Once exhausted of all valuable resources, these are abandoned in a state of

barren disrepair, a landscape littered with broken monuments.

If monuments are, by definition, icons of remembrance and celebration, exactly

what do these broken monuments celebrate? Hills and mountains, unlike flora,

cannot grow back to their pristine glory. If anything, these broken monuments live

on as testaments to how mankind has damaged the very thing that has sustained

it for millennia here on planet Earth – the environment.

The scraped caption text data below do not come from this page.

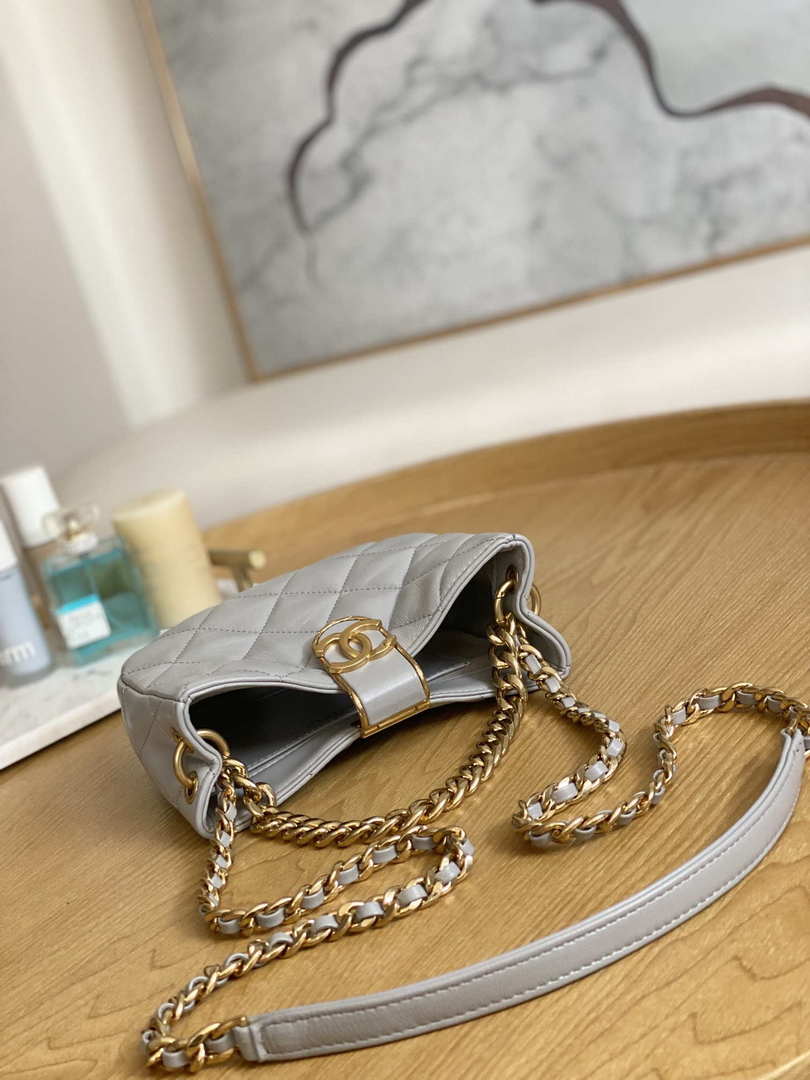 Chanel 3475 Small HOBO Handbag Lambskin & Gold-Tone Metal Light Gray - Default Title - View 6
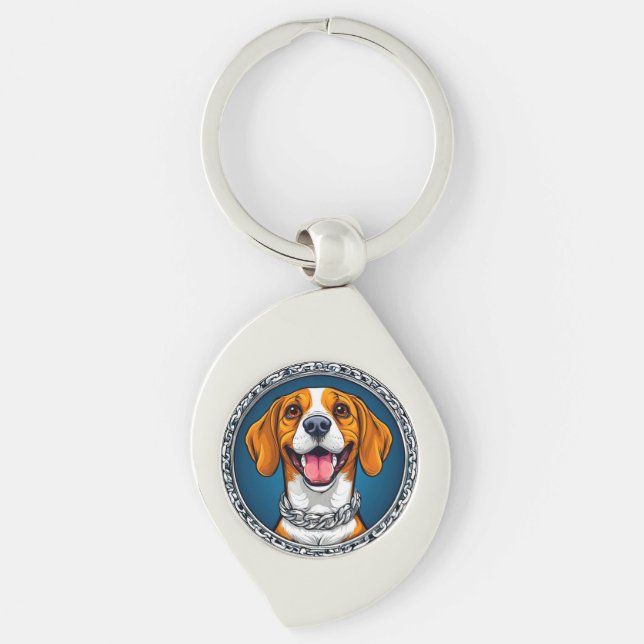 Cute Beagle dog Key Ring (Front)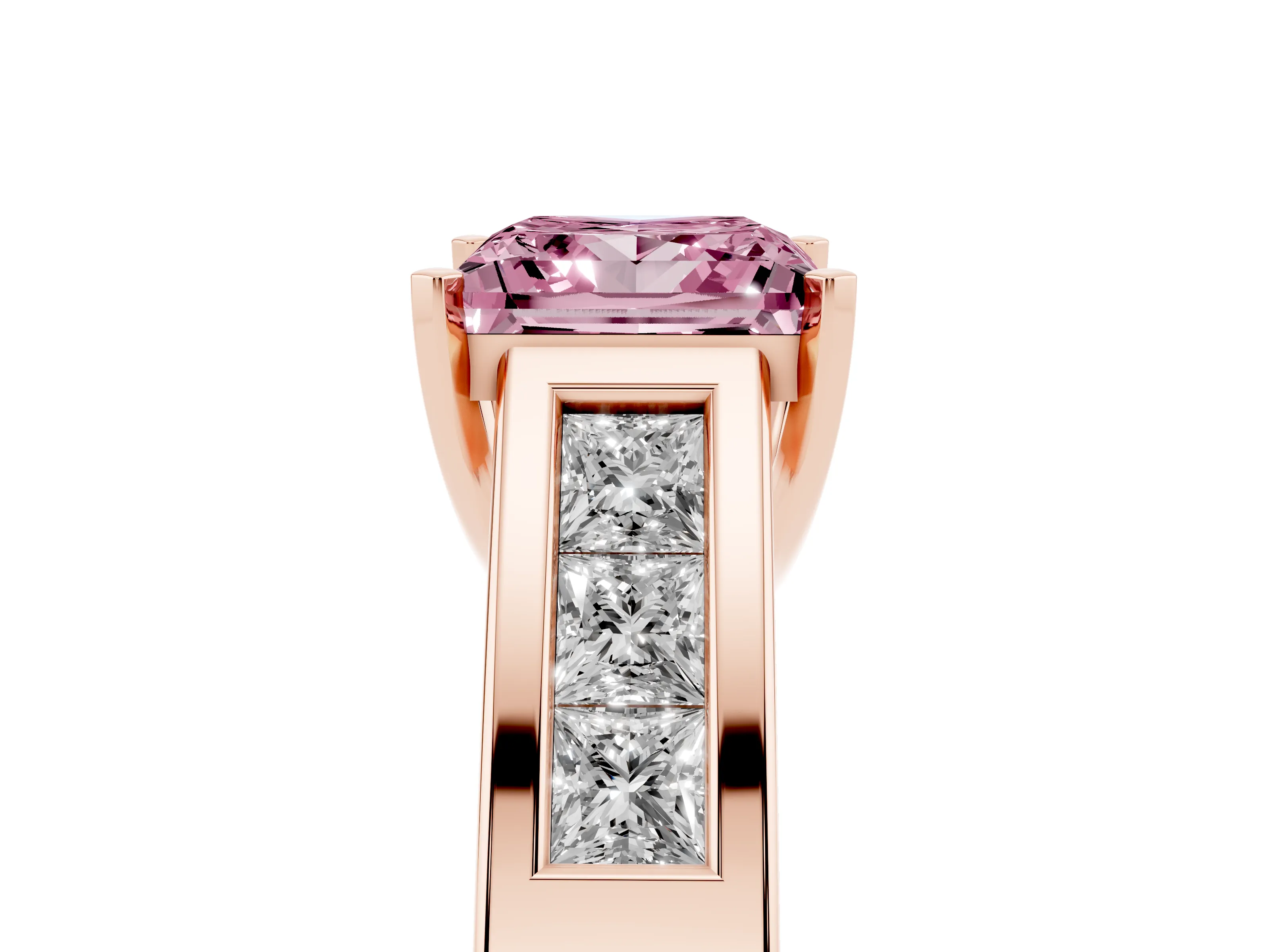 Fancy Pink Princess Cut Diamond Solitaire Ring Set in Rose gold with Channel-Set Accent Stones and Prong Setting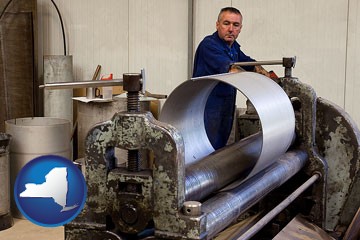 a sheet metal worker fabricating a metal tube - with New York icon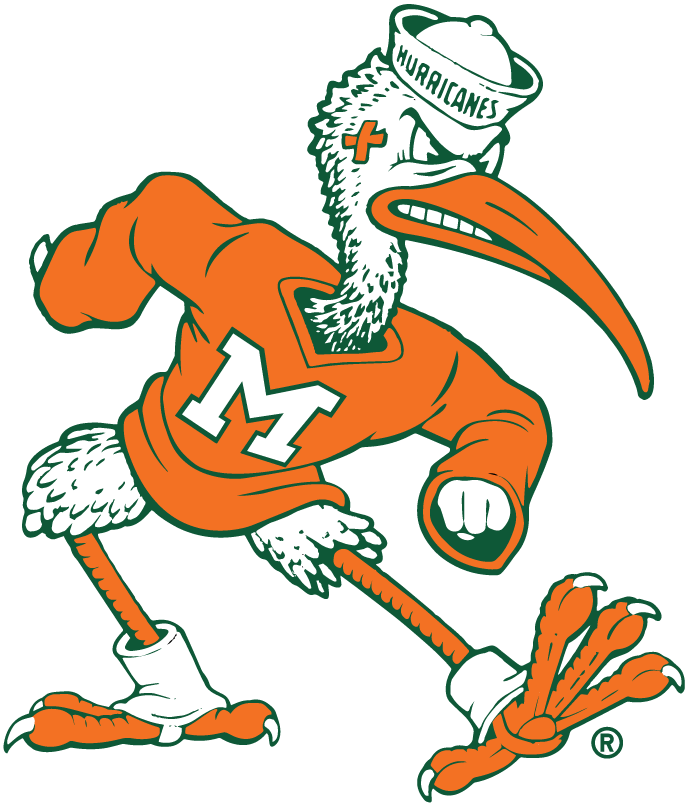 Miami Hurricanes 1964-1982 Mascot Logo v2 iron on transfers for T-shirts
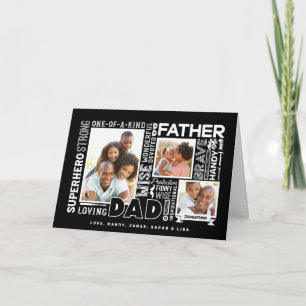 Words For #1 Dad Father's Day Photo Collage Black Card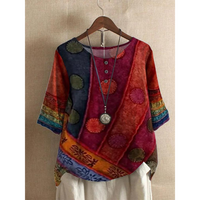 Bluse Damen bunt O-Ausschnitt Halbarm lässig Vintage – Solenya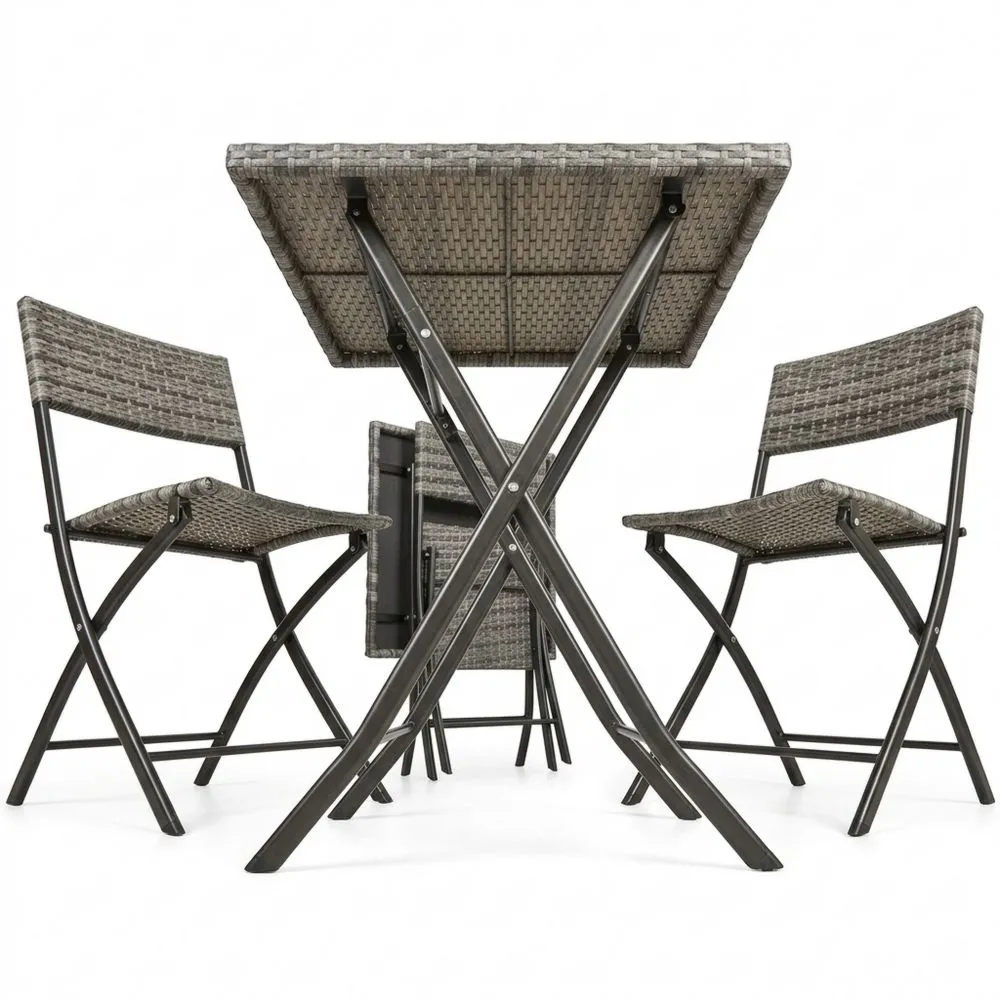 Conjunto de Jardín Exterior para 2 Personas, Resistente a la Intemperie, Incluye 2 Sillas y 1 Mesa, Plegable y Compacto – Gris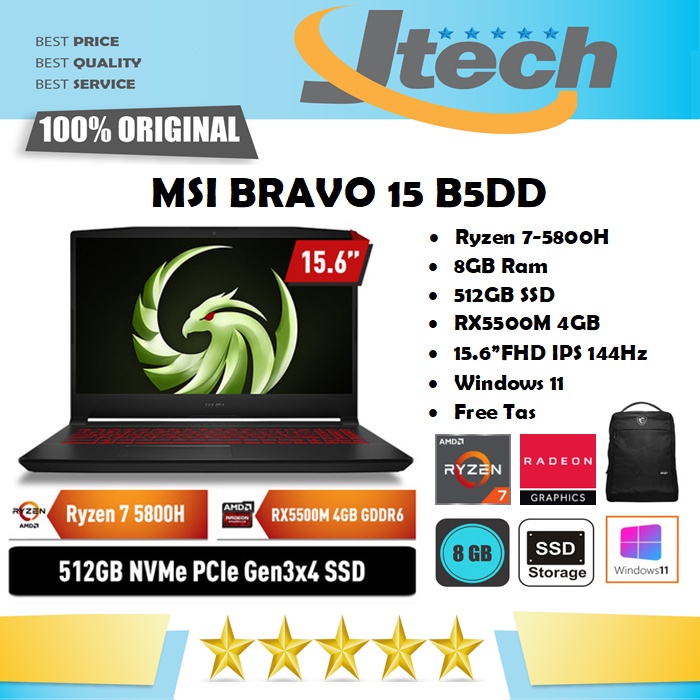 MSI BRAVO 15 B5DD 241ID - RYZEN 7-5800H - 8GB - 512GB SSD - RX5500M 4GB - 15.6&quot;FHD IPS 144Hz - W11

In the Monomania works, this helpless despair manifests itself as layered

brooding emotions, monochromatic layers representing both the concern

environmentalists have today, and the regret Ajim foresees mankind will have in

tomorrow’s world.

Will the smog-choked air, a common sight in metropolitan cities the world over,

even be breathable in our future? Will a “nice day” be one where it’s less grey

than most, if only by a few tonal degrees? Will the world of tomorrow know what

the phrase “clear, blue skies” even means, or will it be something the children of

tomorrow know about merely through history books?

These are among the very serious questions contained in Ajim Juxta’s works. It is

not, however, for the artist to answer. No, his role is to give us pause for thought, a

call for us to consider our past and reconsider our present courses of action; and,

to warn us of what tomorrow may possibly hold, if mankind continues living by the

Code of Madness as we have been, and looking at today, continue to.